» **Your goal**: Would you repeat each line below precisely as it stands?

═════ Records shown

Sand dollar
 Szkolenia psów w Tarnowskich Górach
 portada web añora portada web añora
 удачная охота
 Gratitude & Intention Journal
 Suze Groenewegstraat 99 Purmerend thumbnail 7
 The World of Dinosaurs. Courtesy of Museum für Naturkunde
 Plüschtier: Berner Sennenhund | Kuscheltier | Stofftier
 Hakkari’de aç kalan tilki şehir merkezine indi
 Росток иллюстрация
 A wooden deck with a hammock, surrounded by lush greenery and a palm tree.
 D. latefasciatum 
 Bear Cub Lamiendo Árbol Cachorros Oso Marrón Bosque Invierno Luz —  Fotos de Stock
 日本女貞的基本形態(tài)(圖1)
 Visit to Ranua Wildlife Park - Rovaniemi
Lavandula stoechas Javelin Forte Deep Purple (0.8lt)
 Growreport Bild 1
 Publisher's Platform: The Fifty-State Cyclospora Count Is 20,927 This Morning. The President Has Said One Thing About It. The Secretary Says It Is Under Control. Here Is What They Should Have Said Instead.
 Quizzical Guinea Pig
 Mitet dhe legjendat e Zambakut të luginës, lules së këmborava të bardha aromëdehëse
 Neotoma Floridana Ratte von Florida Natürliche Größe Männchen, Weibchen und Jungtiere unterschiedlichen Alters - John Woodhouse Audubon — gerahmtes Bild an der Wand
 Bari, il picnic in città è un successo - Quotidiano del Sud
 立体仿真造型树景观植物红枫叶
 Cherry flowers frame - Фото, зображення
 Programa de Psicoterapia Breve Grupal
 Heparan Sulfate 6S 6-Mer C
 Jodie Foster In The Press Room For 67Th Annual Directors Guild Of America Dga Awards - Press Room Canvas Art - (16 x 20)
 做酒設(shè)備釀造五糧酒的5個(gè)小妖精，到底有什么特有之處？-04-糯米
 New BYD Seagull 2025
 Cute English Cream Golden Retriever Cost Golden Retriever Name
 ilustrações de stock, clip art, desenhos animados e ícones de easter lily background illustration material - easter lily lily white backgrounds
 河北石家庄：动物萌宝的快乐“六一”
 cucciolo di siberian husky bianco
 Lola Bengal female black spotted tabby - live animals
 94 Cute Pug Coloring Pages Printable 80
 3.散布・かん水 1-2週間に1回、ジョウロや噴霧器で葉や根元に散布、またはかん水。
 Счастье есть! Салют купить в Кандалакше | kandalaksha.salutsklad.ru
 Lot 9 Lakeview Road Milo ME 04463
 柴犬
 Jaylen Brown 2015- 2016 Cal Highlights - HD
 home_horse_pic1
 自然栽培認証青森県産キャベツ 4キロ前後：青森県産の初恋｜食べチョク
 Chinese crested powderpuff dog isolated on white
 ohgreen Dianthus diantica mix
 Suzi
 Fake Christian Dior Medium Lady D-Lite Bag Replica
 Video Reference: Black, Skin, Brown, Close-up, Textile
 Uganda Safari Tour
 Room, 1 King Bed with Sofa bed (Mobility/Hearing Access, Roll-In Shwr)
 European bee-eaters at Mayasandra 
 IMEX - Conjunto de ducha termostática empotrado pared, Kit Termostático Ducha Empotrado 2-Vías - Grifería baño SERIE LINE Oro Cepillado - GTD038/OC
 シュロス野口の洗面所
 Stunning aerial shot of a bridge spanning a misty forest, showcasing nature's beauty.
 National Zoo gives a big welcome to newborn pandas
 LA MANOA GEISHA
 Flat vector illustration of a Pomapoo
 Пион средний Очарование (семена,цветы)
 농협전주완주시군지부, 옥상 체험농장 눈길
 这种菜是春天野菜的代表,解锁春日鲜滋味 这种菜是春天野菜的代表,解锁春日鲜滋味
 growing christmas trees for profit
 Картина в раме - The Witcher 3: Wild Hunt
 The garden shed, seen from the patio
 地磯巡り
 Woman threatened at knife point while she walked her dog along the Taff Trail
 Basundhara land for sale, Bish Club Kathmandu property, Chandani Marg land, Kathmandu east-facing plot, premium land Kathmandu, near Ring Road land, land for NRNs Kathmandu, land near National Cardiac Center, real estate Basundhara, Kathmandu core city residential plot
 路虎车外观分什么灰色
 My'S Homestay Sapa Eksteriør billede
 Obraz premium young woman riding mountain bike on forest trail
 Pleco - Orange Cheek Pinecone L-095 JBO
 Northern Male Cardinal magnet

══════════

» **Answer space**:
Sand dollar
 Szkolenia psów w Tarnowskich Górach
 portada web añora portada web añora
 удачная охота
 Gratitude & Intention Journal
 Suze Groenewegstraat 99 Purmerend thumbnail 7
 The World of Dinosaurs. Courtesy of Museum für Naturkunde
 Plüschtier: Berner Sennenhund | Kuscheltier | Stofftier
 Hakkari’de aç kalan tilki şehir merkezine indi
 Росток иллюстрация
 A wooden deck with a hammock, surrounded by lush greenery and a palm tree.
 D. latefasciatum 
 Bear Cub Lamiendo Árbol Cachorros Oso Marrón Bosque Invierno Luz —  Fotos de Stock
 日本女貞的基本形態(tài)(圖1)
 Visit to Ranua Wildlife Park - Rovaniemi
Lavandula stoechas Javelin Forte Deep Purple (0.8lt)
 Growreport Bild 1
 Publisher's Platform: The Fifty-State Cyclospora Count Is 20,927 This Morning. The President Has Said One Thing About It. The Secretary Says It Is Under Control. Here Is What They Should Have Said Instead.
 Quizzical Guinea Pig
 Mitet dhe legjendat e Zambakut të luginës, lules së këmborava të bardha aromëdehëse
 Neotoma Floridana Ratte von Florida Natürliche Größe Männchen, Weibchen und Jungtiere unterschiedlichen Alters - John Woodhouse Audubon — gerahmtes Bild an der Wand
 Bari, il picnic in città è un successo - Quotidiano del Sud
 立体仿真造型树景观植物红枫叶
 Cherry flowers frame - Фото, зображення
 Programa de Psicoterapia Breve Grupal
 Heparan Sulfate 6S 6-Mer C
 Jodie Foster In The Press Room For 67Th Annual Directors Guild Of America Dga Awards - Press Room Canvas Art - (16 x 20)
 做酒設(shè)備釀造五糧酒的5個(gè)小妖精，到底有什么特有之處？-04-糯米
 New BYD Seagull 2025
 Cute English Cream Golden Retriever Cost Golden Retriever Name
 ilustrações de stock, clip art, desenhos animados e ícones de easter lily background illustration material - easter lily lily white backgrounds
 河北石家庄：动物萌宝的快乐“六一”
 cucciolo di siberian husky bianco
 Lola Bengal female black spotted tabby - live animals
 94 Cute Pug Coloring Pages Printable 80
 3.散布・かん水 1-2週間に1回、ジョウロや噴霧器で葉や根元に散布、またはかん水。
 Счастье есть! Салют купить в Кандалакше | kandalaksha.salutsklad.ru
 Lot 9 Lakeview Road Milo ME 04463
 柴犬
 Jaylen Brown 2015- 2016 Cal Highlights - HD
 home_horse_pic1
 自然栽培認証青森県産キャベツ 4キロ前後：青森県産の初恋｜食べチョク
 Chinese crested powderpuff dog isolated on white
 ohgreen Dianthus diantica mix
 Suzi
 Fake Christian Dior Medium Lady D-Lite Bag Replica
 Video Reference: Black, Skin, Brown, Close-up, Textile
 Uganda Safari Tour
 Room, 1 King Bed with Sofa bed (Mobility/Hearing Access, Roll-In Shwr)
 European bee-eaters at Mayasandra 
 IMEX - Conjunto de ducha termostática empotrado pared, Kit Termostático Ducha Empotrado 2-Vías - Grifería baño SERIE LINE Oro Cepillado - GTD038/OC
 シュロス野口の洗面所
 Stunning aerial shot of a bridge spanning a misty forest, showcasing nature's beauty.
 National Zoo gives a big welcome to newborn pandas
 LA MANOA GEISHA
 Flat vector illustration of a Pomapoo
 Пион средний Очарование (семена,цветы)
 농협전주완주시군지부, 옥상 체험농장 눈길
 这种菜是春天野菜的代表,解锁春日鲜滋味 这种菜是春天野菜的代表,解锁春日鲜滋味
 growing christmas trees for profit
 Картина в раме - The Witcher 3: Wild Hunt
 The garden shed, seen from the patio
 地磯巡り
 Woman threatened at knife point while she walked her dog along the Taff Trail
 Basundhara land for sale, Bish Club Kathmandu property, Chandani Marg land, Kathmandu east-facing plot, premium land Kathmandu, near Ring Road land, land for NRNs Kathmandu, land near National Cardiac Center, real estate Basundhara, Kathmandu core city residential plot
 路虎车外观分什么灰色
 My'S Homestay Sapa Eksteriør billede
 Obraz premium young woman riding mountain bike on forest trail
 Pleco - Orange Cheek Pinecone L-095 JBO
 Northern Male Cardinal magnet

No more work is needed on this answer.